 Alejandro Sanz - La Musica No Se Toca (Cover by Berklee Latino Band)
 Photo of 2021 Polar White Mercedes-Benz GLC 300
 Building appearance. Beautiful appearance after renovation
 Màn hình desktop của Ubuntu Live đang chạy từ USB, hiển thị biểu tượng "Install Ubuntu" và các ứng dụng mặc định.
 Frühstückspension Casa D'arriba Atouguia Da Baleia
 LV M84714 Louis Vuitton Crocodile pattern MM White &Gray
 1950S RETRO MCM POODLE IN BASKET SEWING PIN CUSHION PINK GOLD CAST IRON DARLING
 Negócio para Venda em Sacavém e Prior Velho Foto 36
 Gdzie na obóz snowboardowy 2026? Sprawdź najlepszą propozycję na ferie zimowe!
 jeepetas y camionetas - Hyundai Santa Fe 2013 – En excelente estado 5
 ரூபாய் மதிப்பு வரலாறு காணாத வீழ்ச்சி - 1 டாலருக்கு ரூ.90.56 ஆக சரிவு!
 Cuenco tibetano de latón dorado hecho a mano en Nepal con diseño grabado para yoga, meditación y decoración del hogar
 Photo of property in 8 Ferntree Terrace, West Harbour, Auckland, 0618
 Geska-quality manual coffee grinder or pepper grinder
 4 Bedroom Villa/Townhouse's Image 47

# WHAT YOU HAVE TO DO
Which of the lines above include the word "White"? List those lines.

# WRITTEN REPLY
 Photo of 2021 Polar White Mercedes-Benz GLC 300
 LV M84714 Louis Vuitton Crocodile pattern MM White &Gray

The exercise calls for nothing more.